Goal of the exercise => If a line in the entries below includes "Photo", show that line.

++++++++

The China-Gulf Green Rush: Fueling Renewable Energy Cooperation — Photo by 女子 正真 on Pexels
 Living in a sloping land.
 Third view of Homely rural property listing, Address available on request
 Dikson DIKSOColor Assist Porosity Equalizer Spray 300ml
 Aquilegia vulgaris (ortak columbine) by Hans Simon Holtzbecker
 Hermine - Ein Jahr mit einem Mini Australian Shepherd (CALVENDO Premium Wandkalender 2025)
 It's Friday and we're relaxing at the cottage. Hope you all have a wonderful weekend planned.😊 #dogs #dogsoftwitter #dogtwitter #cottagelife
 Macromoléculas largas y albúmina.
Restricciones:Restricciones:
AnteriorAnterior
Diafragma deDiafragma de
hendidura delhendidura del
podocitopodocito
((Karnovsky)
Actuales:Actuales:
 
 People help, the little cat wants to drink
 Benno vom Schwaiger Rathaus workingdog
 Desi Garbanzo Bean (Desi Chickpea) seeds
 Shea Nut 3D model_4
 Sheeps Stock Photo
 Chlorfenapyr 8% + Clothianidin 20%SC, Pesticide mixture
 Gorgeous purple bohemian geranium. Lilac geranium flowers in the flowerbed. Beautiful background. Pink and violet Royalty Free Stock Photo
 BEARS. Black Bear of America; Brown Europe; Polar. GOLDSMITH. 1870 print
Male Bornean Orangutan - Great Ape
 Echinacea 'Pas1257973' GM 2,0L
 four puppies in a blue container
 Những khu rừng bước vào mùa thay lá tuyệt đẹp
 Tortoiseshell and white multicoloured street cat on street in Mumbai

++++++++

Reply to the exercise =>
The China-Gulf Green Rush: Fueling Renewable Energy Cooperation — Photo by 女子 正真 on Pexels
 Sheeps Stock Photo
 Gorgeous purple bohemian geranium. Lilac geranium flowers in the flowerbed. Beautiful background. Pink and violet Royalty Free Stock Photo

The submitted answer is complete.